_THE TASK:_
From top to bottom, write out the listing exactly.
────
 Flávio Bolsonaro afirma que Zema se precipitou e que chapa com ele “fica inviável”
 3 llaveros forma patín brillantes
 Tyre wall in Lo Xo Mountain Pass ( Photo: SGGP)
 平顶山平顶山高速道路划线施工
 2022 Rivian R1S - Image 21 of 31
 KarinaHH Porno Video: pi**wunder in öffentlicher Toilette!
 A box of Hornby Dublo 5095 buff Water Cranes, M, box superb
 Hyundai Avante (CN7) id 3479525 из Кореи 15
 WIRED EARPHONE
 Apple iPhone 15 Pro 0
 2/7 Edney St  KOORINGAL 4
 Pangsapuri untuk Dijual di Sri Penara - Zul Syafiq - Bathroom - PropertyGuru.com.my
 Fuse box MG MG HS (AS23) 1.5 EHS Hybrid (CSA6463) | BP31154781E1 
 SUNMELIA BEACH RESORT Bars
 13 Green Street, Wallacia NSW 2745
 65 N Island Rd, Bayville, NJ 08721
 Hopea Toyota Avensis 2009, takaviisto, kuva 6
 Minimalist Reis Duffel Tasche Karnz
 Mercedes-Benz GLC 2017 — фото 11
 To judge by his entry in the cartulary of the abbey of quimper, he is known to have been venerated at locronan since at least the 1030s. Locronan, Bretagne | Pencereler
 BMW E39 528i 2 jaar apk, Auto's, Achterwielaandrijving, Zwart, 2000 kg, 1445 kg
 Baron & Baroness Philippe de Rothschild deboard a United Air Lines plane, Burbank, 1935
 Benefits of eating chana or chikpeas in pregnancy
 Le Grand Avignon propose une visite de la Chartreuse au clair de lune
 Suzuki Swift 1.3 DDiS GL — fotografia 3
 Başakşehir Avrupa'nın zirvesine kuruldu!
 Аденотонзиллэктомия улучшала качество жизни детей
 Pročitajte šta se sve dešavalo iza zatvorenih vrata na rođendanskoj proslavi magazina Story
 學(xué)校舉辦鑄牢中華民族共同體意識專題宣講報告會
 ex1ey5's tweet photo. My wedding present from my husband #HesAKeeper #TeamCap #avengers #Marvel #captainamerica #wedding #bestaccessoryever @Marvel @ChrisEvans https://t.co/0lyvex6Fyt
────
_REPLY TO THE EXERCISE:_
 Flávio Bolsonaro afirma que Zema se precipitou e que chapa com ele “fica inviável”
 3 llaveros forma patín brillantes
 Tyre wall in Lo Xo Mountain Pass ( Photo: SGGP)
 平顶山平顶山高速道路划线施工
 2022 Rivian R1S - Image 21 of 31
 KarinaHH Porno Video: pi**wunder in öffentlicher Toilette!
 A box of Hornby Dublo 5095 buff Water Cranes, M, box superb
 Hyundai Avante (CN7) id 3479525 из Кореи 15
 WIRED EARPHONE
 Apple iPhone 15 Pro 0
 2/7 Edney St  KOORINGAL 4
 Pangsapuri untuk Dijual di Sri Penara - Zul Syafiq - Bathroom - PropertyGuru.com.my
 Fuse box MG MG HS (AS23) 1.5 EHS Hybrid (CSA6463) | BP31154781E1 
 SUNMELIA BEACH RESORT Bars
 13 Green Street, Wallacia NSW 2745
 65 N Island Rd, Bayville, NJ 08721
 Hopea Toyota Avensis 2009, takaviisto, kuva 6
 Minimalist Reis Duffel Tasche Karnz
 Mercedes-Benz GLC 2017 — фото 11
 To judge by his entry in the cartulary of the abbey of quimper, he is known to have been venerated at locronan since at least the 1030s. Locronan, Bretagne | Pencereler
 BMW E39 528i 2 jaar apk, Auto's, Achterwielaandrijving, Zwart, 2000 kg, 1445 kg
 Baron & Baroness Philippe de Rothschild deboard a United Air Lines plane, Burbank, 1935
 Benefits of eating chana or chikpeas in pregnancy
 Le Grand Avignon propose une visite de la Chartreuse au clair de lune
 Suzuki Swift 1.3 DDiS GL — fotografia 3
 Başakşehir Avrupa'nın zirvesine kuruldu!
 Аденотонзиллэктомия улучшала качество жизни детей
 Pročitajte šta se sve dešavalo iza zatvorenih vrata na rođendanskoj proslavi magazina Story
 學(xué)校舉辦鑄牢中華民族共同體意識專題宣講報告會
 ex1ey5's tweet photo. My wedding present from my husband #HesAKeeper #TeamCap #avengers #Marvel #captainamerica #wedding #bestaccessoryever @Marvel @ChrisEvans https://t.co/0lyvex6Fyt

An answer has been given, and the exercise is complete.